**What is being asked**
All lines below between the line with "河北旗袍铺吃瓜,吃瓜群众眼中的时尚盛宴" and the line with "5x5 DUNCAN CORAL", including both, must be copied exactly, and the pictures must be omitted.

**Listed records**
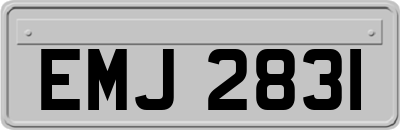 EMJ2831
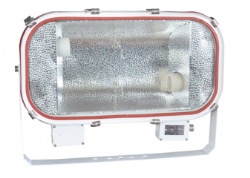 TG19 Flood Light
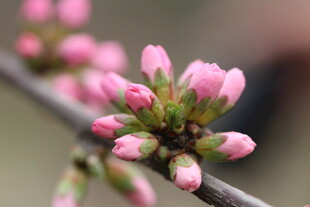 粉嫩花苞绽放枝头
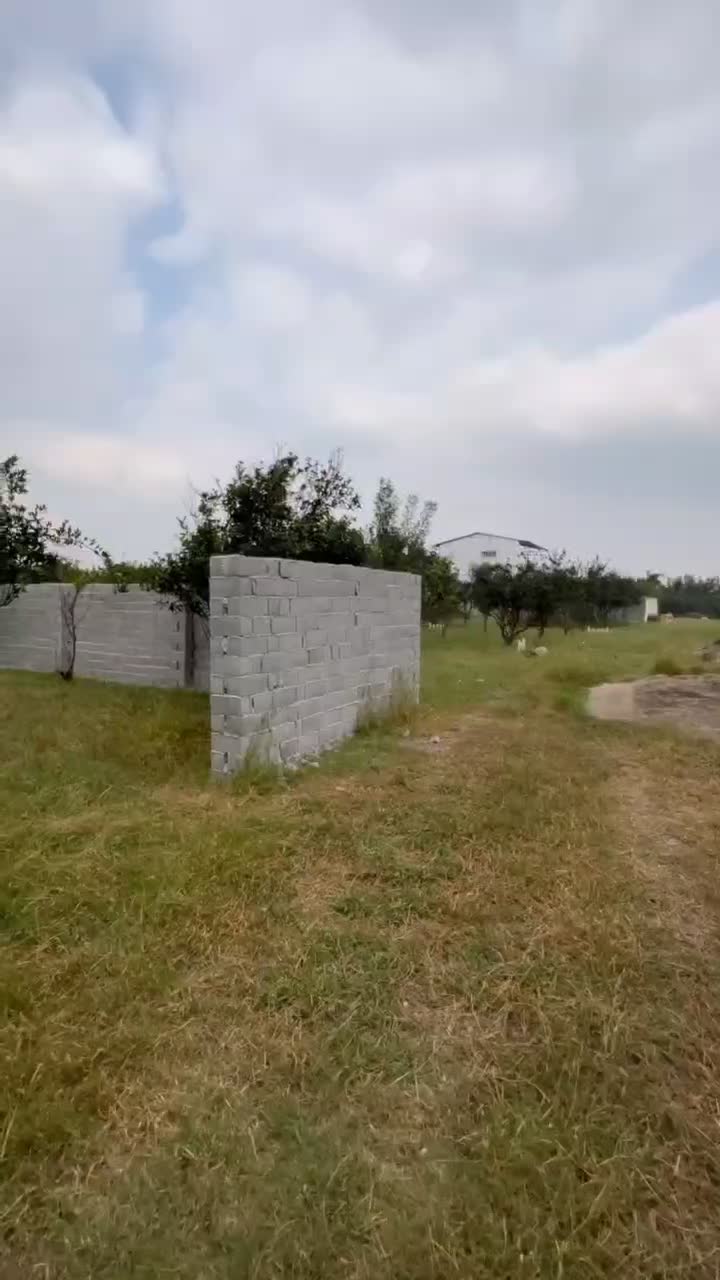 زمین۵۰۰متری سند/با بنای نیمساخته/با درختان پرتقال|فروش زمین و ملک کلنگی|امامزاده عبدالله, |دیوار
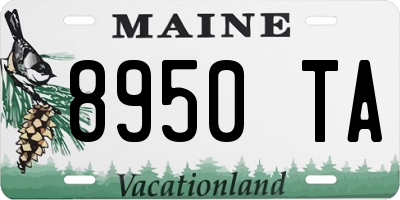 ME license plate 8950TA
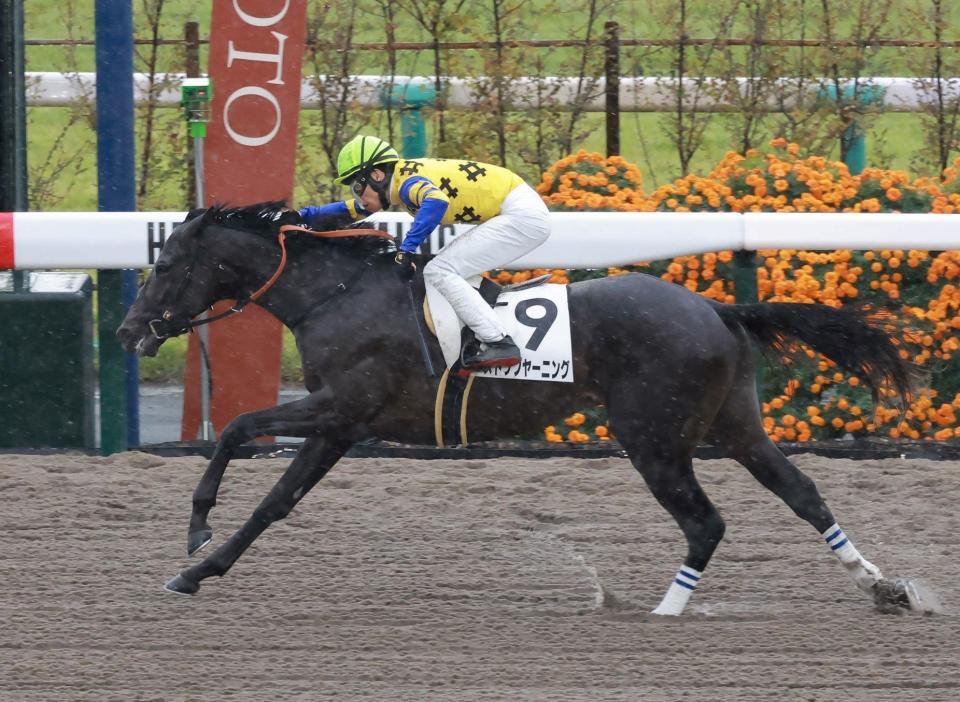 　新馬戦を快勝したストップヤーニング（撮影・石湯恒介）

---

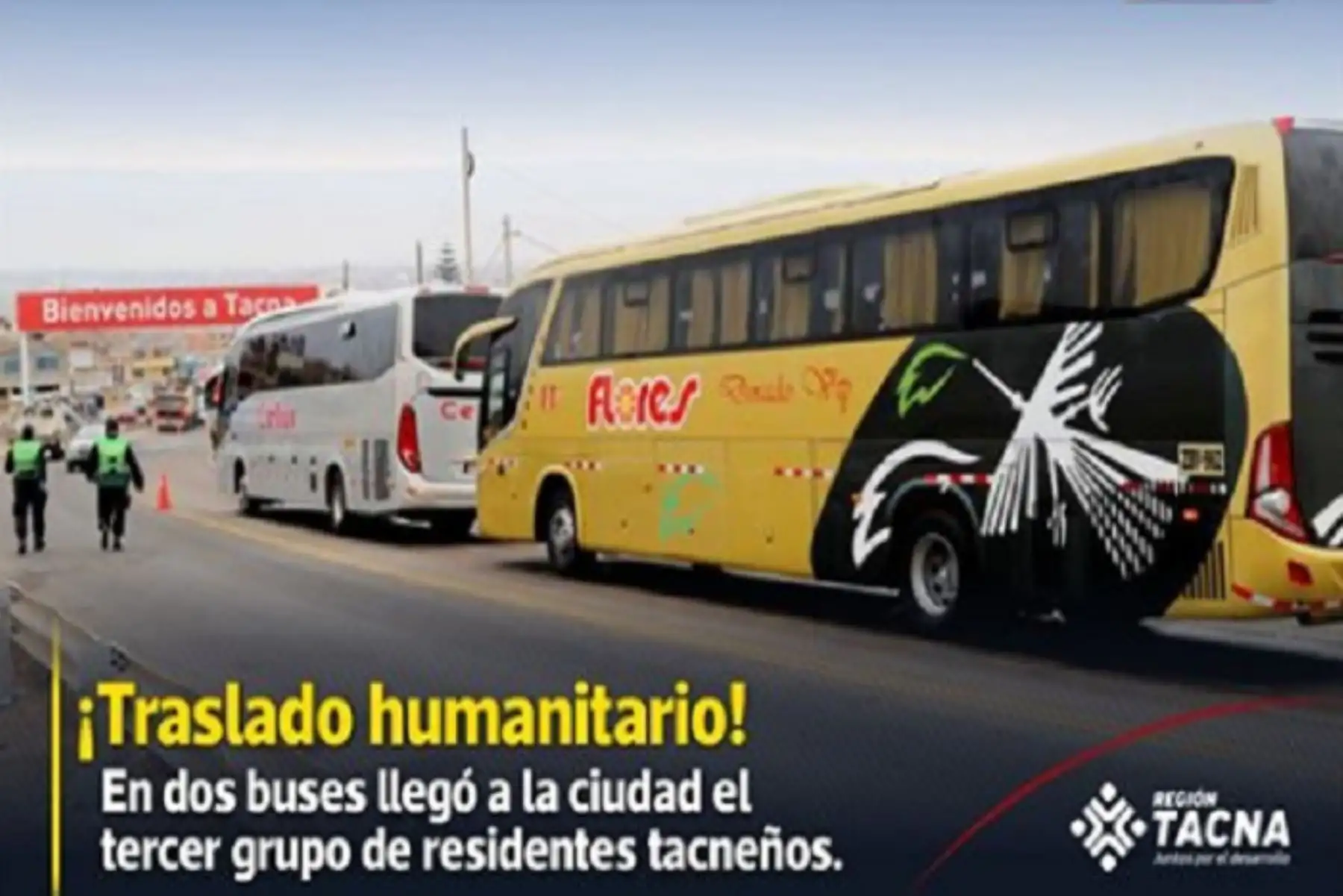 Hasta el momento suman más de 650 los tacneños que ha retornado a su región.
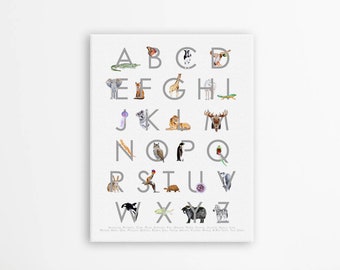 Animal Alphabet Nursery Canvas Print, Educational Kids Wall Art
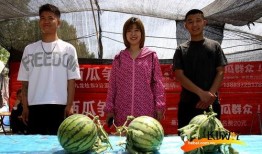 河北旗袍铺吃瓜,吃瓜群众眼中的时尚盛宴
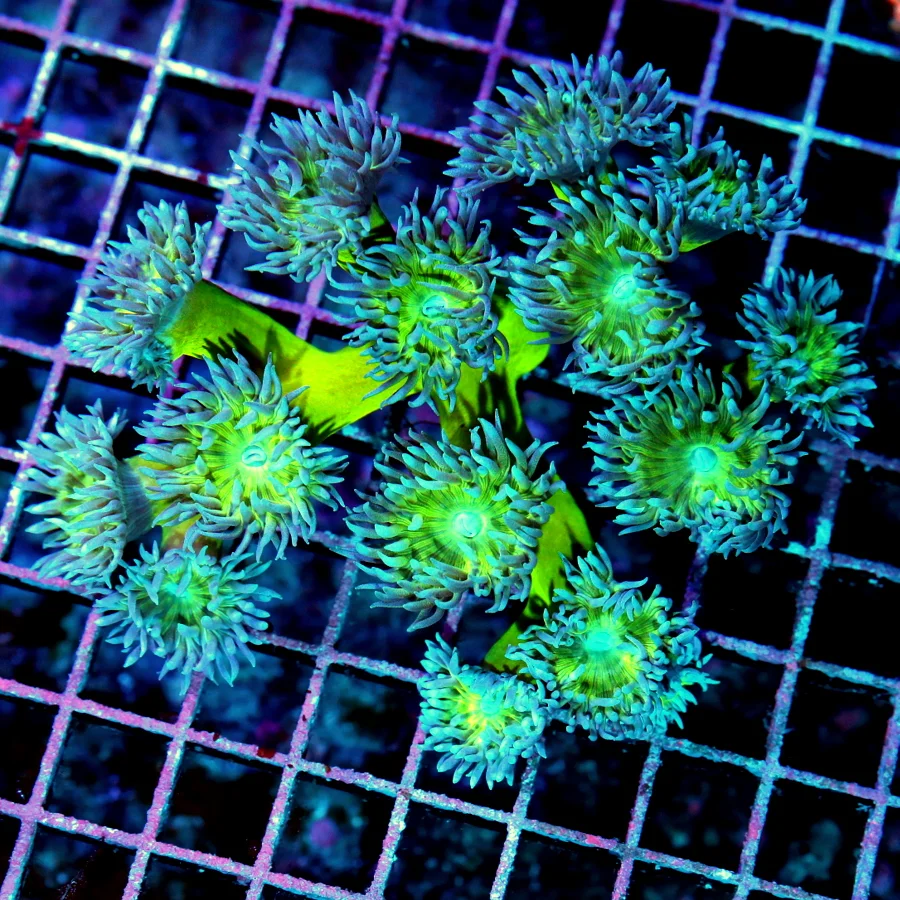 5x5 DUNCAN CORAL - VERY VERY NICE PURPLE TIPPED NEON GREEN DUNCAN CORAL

---

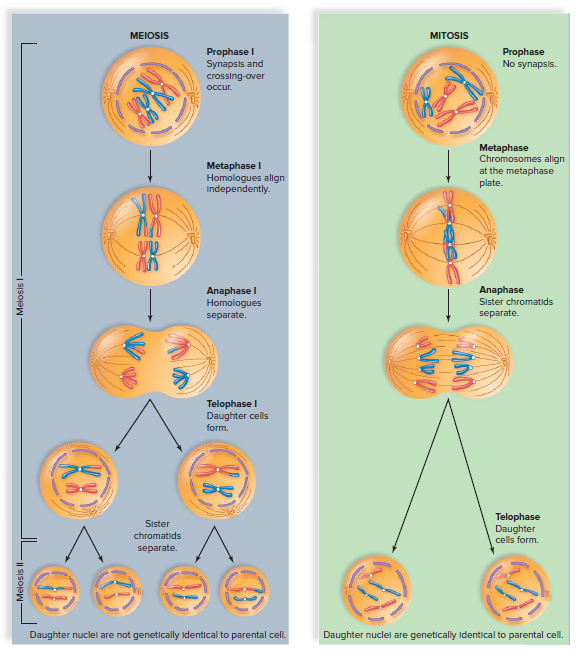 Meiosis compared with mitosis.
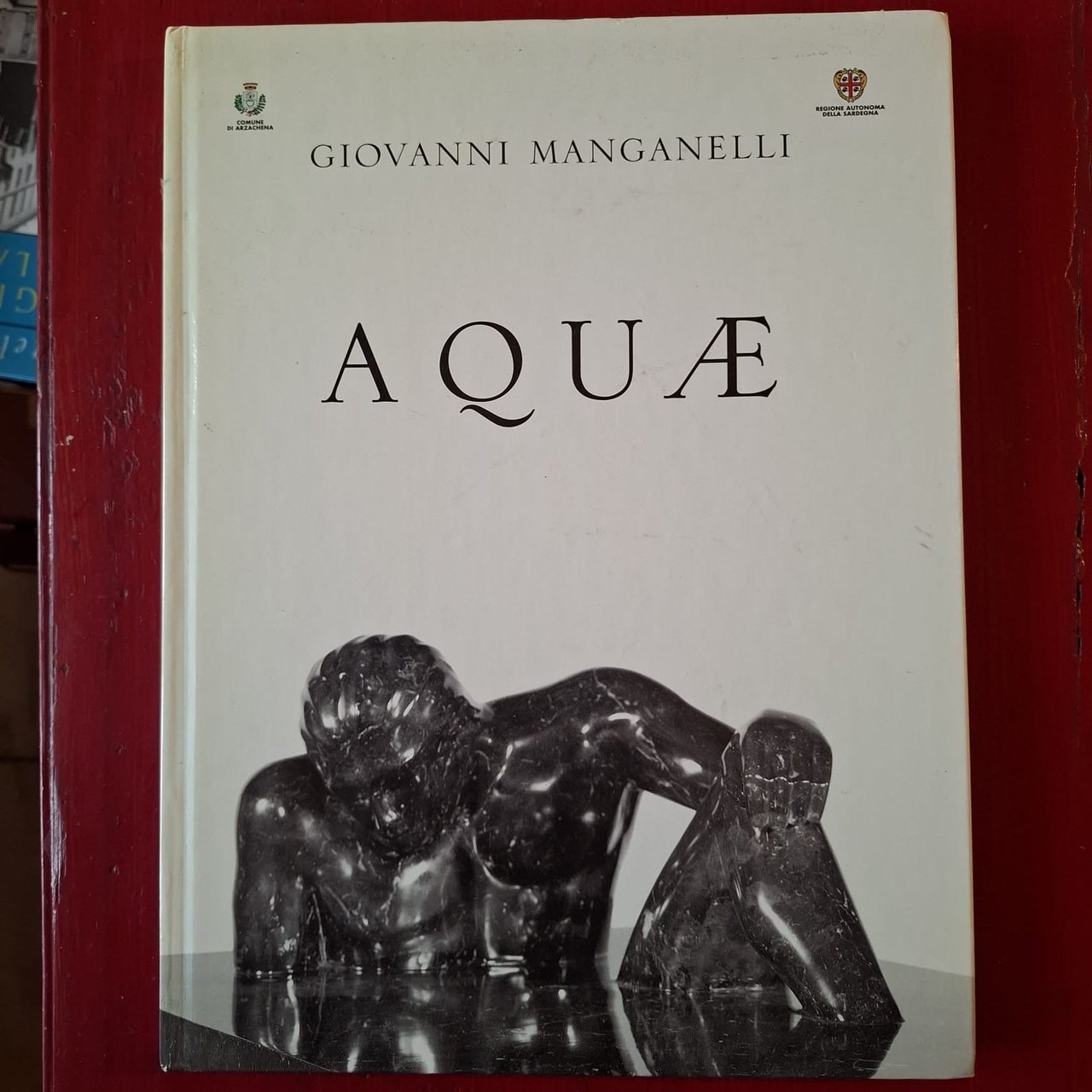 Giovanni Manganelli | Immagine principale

**Your solution**
 河北旗袍铺吃瓜,吃瓜群众眼中的时尚盛宴
 5x5 DUNCAN CORAL - VERY VERY NICE PURPLE TIPPED NEON GREEN DUNCAN CORAL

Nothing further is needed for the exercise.